Öncelikle hayatı bir bütün olarak görmek gerekir. İnsanlık var oldu olalı hayat var ve yaşandı. Yaşanan bu hayat hiçbir zaman tekdüze, standart ya da stabilize yaşanmadı, bundan sonra da durağan olarak yaşanmayacak. Hayat inişli çıkışlı, kolayıyla, zoruyla, mutluluğu ve mutsuzluğuyla, olumlularıyla, olumsuzlarıyla bir bütündür. Dönem dönen sıkıntılar, kaygılar, karamsarlıklar baskın yaşanabilir. Olumsuzluk ve benzeri durumlarda enerjiyi emen, eylemden alıkoyan, pes ettiren duygu ve düşüncelere karşı direnç geliştirilmeli, gerektiğinde profesyonel destek alınmalıdır.

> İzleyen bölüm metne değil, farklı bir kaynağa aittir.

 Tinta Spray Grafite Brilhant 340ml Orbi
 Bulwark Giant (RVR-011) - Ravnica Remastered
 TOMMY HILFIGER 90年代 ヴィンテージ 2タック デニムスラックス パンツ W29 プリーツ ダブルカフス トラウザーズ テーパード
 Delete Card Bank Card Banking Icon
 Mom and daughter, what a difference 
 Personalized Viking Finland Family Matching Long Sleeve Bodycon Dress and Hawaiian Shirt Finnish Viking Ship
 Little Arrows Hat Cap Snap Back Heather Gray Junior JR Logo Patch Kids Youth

“Güzel düşünen güzel yaşar” sözü gereğince zihnimizi güzel düşüncelerle doldurmalıyız. Çözüm odaklı olumlu düşünme alışkanlığı kazanmak, kazandırır. Olumlu düşünmek kişinin hem zihinsel, hem psikolojik, hem de fizyolojik olarak rahatlamasını ve güç bulmasını destekler. Kişinin yaşam enerjisini ve motivasyonunu artırır. Bizi rahatsız eden durumlarda, “Ne yapmak daha iyi olur, daha iyisi nasıl mümkün?” gibi cümlelerle iç enerjimizi artırmak her zaman avantaj doğurur. Daha güzeli için eyleme geçmemiz, içsel enerjimizi güçlendirecektir.

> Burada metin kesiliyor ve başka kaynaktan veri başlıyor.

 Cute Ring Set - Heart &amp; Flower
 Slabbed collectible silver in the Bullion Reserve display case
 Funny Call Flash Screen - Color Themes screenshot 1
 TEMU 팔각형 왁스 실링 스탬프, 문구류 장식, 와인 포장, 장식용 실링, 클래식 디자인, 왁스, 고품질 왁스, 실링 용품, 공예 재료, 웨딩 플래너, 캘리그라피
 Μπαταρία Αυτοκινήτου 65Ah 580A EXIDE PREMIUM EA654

Bir işi yaparken veya zorluklarla karşılaşıldığında (hatta yaptıktan sonra da) “Daha iyisi nasıl mümkün olur?” şeklinde cümleler kurmanın bilinçaltı olumlu enerjiyi açığa çıkardığı deneysel uygulamalarla kanıtlanmıştır. Yaşadığımız, istenmeyen ve olumsuz olaylar karşısında çekilerek kaçmak, bırakmak yerine sorumluluk bilinciyle bu tür durumlardan ders çıkarmak avantaj sağlar. Şükürsüz, değerden anlamayan, kıymet bilmez, karamsar, sıkıntılı, sürekli olumsuz kişilerden/ortamlardan uzaklaşmak ve olumlu, üretken, çözüm üreten, enerjisi yüksek kişiler/ortamlar olumlu kişiliğin oluşumunu ve gelişimini destekler.

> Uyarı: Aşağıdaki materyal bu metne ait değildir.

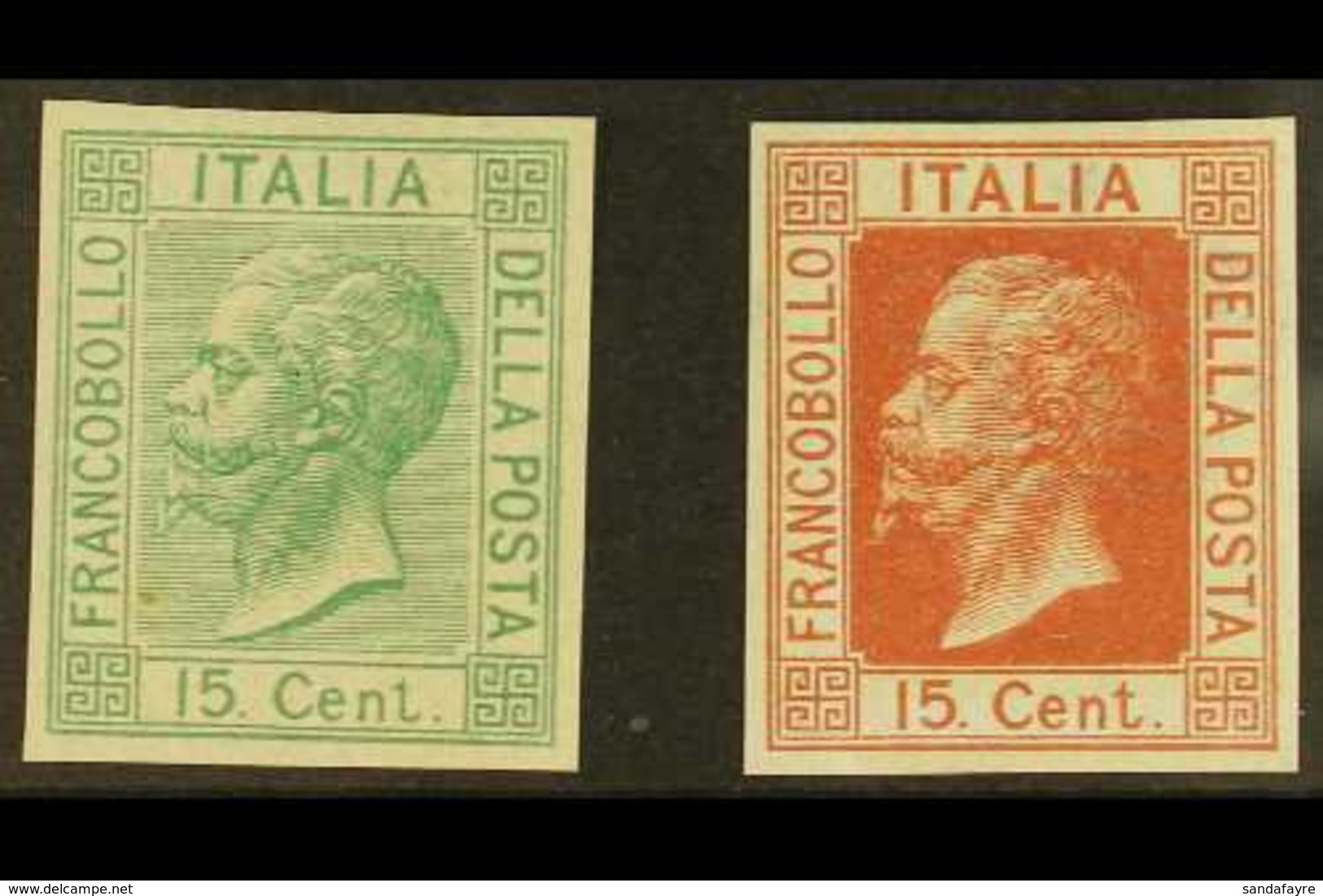 1867 PROOFS 15c Green (lined Background) And 15c Brown (solid Background) Proofs For The Unadopted Design, Very Fine And - Ohne Zuordnung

Bazen yetersiz, eksik veya donanımsız olarak görebiliriz kendimiz. Bu durumda hedef gözde büyümeye başladıysa, daha önce verilen kararı düşünüp üşenmeden, ertelemeden ve vazgeçmeden eyleme geçmeli. Ara ara durum değerlendirmesi yaparak büyük resmi görmeli, bu resmi oluşturan küçük parçaları belirlemeli ve küçük parçaları adım adım bir araya getirerek bütünü oluşturmalı.
Soruna değil çözüme odaklananlar, olmayacak anlarda ve durumlarda büyük icatlar ve çözümler üretirler. Olaylar ve durumlar karşısında mazeret değil çözüm üretme becerisinin kazanılması iç enerjiyi artıracağından, kişi daha üst motivasyonla çalışır.